Records from a dataset
++++++++++++++++++++

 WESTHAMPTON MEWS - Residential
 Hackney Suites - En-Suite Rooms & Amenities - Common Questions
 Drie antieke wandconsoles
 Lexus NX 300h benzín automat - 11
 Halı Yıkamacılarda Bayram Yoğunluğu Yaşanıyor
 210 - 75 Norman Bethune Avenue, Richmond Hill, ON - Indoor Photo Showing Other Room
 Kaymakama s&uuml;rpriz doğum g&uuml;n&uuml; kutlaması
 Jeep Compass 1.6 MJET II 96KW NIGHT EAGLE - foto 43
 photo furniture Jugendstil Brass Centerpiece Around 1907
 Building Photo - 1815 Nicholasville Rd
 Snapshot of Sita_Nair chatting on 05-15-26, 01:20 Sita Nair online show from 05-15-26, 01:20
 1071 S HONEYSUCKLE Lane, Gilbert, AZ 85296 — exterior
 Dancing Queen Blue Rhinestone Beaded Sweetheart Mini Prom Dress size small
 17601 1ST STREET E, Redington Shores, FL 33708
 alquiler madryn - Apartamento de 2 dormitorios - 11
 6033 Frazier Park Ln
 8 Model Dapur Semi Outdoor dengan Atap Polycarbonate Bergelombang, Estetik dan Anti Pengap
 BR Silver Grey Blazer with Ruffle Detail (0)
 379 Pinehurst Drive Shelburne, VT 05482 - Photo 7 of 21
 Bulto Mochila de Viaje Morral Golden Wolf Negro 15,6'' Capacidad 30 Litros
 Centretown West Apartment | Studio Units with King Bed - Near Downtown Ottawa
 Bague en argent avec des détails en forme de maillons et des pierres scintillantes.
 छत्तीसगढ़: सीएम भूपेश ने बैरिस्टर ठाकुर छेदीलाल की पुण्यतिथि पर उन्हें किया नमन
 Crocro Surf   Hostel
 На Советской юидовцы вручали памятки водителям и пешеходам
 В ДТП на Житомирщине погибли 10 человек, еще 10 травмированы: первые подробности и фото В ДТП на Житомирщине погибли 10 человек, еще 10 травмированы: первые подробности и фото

++++++++++++++++++++

*EXERCISE OBJECTIVE:*
The lines above, from the first through the one containing "Kaymakama s&uuml;rpriz doğum", must be restated word for word, with nothing added.

*RESPONSE BOX:*
 WESTHAMPTON MEWS - Residential
 Hackney Suites - En-Suite Rooms & Amenities - Common Questions
 Drie antieke wandconsoles
 Lexus NX 300h benzín automat - 11
 Halı Yıkamacılarda Bayram Yoğunluğu Yaşanıyor
 210 - 75 Norman Bethune Avenue, Richmond Hill, ON - Indoor Photo Showing Other Room
 Kaymakama s&uuml;rpriz doğum g&uuml;n&uuml; kutlaması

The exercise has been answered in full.